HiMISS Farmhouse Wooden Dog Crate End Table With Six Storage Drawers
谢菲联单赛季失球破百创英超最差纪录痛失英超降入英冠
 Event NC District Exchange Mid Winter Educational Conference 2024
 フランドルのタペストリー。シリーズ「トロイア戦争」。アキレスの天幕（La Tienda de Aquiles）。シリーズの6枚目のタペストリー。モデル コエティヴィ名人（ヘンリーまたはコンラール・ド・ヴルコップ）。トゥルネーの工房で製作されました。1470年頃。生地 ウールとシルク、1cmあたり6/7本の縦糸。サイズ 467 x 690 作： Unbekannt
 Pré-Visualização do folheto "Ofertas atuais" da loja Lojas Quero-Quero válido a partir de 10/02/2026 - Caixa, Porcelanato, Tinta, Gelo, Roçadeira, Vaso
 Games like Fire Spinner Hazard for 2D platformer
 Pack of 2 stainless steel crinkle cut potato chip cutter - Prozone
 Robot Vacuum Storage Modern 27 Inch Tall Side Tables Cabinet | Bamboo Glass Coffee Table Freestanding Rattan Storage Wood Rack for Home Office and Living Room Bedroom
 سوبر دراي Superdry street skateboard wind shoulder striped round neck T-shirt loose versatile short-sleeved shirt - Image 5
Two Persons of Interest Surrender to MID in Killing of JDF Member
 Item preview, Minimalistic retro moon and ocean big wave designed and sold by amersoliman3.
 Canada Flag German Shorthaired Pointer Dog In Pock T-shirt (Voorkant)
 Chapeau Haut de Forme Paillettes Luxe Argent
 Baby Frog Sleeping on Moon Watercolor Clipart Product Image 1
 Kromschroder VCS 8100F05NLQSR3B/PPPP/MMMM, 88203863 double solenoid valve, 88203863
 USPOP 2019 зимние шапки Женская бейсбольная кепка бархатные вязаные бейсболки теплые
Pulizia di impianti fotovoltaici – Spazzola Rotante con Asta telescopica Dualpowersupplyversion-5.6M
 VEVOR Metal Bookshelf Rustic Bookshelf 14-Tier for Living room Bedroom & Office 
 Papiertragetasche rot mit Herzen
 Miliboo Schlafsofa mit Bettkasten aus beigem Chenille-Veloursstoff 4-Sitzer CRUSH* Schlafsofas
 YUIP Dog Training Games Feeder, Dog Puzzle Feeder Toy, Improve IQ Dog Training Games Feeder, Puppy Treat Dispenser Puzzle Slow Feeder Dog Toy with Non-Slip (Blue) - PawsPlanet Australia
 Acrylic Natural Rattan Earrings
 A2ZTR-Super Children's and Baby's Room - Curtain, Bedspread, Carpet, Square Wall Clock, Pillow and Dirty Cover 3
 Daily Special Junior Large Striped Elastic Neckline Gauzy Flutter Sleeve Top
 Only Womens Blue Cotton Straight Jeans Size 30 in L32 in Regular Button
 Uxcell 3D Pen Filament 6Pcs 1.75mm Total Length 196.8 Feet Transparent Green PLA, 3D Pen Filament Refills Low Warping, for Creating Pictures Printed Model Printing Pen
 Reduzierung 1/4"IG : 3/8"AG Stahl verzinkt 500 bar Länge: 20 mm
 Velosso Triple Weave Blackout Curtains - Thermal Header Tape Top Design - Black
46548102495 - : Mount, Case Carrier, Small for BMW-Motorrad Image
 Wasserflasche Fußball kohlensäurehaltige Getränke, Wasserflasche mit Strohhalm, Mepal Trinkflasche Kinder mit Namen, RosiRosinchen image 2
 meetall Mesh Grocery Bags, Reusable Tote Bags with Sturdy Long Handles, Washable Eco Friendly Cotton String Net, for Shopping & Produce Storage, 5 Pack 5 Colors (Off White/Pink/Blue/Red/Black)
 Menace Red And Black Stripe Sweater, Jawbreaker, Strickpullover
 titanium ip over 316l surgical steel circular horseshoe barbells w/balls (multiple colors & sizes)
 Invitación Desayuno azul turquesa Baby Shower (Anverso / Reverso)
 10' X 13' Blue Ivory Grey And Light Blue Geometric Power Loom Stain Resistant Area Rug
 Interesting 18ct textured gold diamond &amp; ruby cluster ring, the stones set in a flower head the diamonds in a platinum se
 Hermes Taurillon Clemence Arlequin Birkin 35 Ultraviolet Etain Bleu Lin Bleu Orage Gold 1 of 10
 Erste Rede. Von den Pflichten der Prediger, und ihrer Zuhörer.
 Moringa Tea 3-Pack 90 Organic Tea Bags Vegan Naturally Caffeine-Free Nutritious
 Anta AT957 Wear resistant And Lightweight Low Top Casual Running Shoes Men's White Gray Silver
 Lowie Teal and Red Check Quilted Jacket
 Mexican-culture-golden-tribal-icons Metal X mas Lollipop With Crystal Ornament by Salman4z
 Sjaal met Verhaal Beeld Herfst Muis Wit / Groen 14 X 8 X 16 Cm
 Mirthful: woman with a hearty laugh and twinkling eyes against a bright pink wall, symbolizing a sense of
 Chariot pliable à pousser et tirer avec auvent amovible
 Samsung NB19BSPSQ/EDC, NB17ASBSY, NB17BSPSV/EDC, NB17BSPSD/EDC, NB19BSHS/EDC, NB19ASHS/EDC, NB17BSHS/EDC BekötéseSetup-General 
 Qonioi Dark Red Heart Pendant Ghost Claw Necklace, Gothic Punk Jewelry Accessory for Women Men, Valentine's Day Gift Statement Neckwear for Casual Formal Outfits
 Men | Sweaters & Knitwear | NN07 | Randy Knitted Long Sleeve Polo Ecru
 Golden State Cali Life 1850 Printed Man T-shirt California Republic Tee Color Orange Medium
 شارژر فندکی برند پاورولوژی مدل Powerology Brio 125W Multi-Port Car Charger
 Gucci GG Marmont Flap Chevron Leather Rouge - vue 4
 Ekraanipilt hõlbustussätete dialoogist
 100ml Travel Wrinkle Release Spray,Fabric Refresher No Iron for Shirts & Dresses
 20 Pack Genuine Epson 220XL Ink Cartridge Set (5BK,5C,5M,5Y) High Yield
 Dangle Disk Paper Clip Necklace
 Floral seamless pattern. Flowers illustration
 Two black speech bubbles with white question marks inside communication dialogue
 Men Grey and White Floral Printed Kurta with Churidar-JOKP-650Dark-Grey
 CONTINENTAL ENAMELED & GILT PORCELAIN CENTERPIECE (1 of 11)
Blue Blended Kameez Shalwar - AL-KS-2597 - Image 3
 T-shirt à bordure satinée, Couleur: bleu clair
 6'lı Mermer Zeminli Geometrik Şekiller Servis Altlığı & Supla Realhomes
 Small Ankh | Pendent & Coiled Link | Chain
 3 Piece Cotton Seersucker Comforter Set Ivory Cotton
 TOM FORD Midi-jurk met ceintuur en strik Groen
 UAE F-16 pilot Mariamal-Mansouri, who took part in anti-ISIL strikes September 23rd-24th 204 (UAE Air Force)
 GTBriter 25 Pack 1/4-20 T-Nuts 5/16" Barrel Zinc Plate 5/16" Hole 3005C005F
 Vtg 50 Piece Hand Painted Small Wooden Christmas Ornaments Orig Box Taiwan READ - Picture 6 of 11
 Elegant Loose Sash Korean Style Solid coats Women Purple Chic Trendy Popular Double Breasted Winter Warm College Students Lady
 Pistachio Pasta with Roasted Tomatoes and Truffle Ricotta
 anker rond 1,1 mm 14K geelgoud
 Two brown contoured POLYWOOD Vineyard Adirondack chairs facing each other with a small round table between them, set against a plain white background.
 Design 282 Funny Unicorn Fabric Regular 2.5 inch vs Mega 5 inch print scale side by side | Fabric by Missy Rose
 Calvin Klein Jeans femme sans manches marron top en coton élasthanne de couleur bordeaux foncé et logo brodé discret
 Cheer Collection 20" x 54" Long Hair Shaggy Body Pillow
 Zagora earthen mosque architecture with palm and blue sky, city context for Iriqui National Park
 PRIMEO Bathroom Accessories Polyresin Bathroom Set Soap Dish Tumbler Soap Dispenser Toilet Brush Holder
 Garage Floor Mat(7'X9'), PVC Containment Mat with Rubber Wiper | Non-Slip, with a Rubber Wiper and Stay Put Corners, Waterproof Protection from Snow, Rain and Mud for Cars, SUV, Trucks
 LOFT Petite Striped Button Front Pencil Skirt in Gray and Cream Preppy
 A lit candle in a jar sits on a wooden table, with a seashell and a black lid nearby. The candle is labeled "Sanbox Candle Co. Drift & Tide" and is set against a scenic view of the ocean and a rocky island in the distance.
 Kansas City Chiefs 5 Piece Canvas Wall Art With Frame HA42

────

_WORK ORDER_: Every line from the line containing "Uxcell 3D Pen" through the line containing "Länge: 20 mm" in the records above must be retyped exactly. Leave out the rest.

_OUTPUT OF THE EXERCISE_:
 Uxcell 3D Pen Filament 6Pcs 1.75mm Total Length 196.8 Feet Transparent Green PLA, 3D Pen Filament Refills Low Warping, for Creating Pictures Printed Model Printing Pen
 Reduzierung 1/4"IG : 3/8"AG Stahl verzinkt 500 bar Länge: 20 mm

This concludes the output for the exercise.